Function result: 18-03-2024 03:55:06

//2nd LLM call
Prompt tokens: 90. Completion tokens: 21. Total tokens: 111.

//Final response
The current time is 03:55:06 UTC on March 18, 2024.

The auto function calling handles the application side of the function checking for any function call request from the LLM along with executing them and sending the response back to the LLM service.

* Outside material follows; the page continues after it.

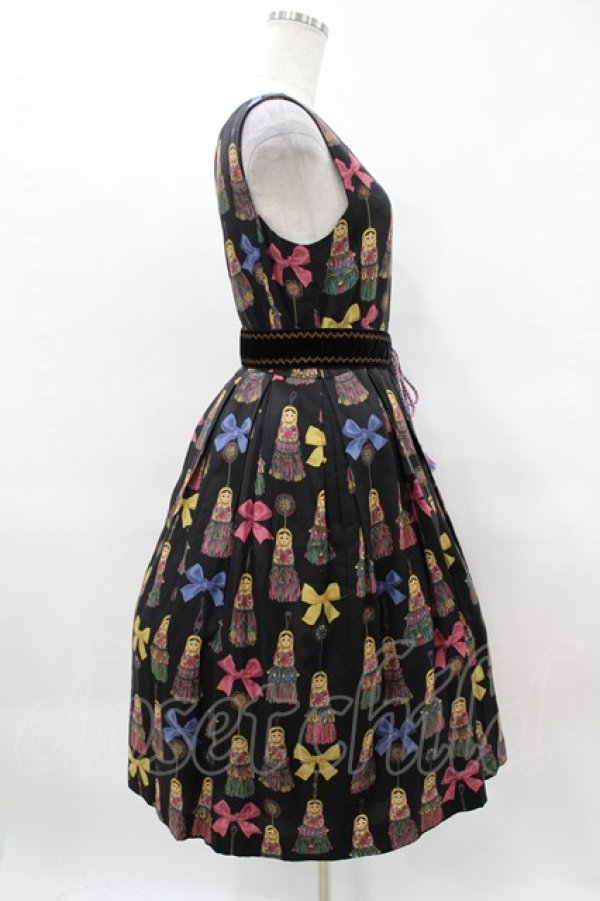 画像3: Jane Marple / Little tassel dollsスクエアドレス M ブラック H-25-03-28-1032-JM-OP-ET-ZT440 (3)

So with function calling we are sending the same prompt twice with additional context added during the second invocation.

Wrapping Up

While the implementation of function calling with Semantic Kernel SDK has further simplified the process, making it more accessible for developers, it’s important to note that while the auto function calling feature is convenient, it may not be suitable for all scenarios due to the inherent unpredictability of large language models.

In the upcoming blog, we will be using the function calling with manual mode.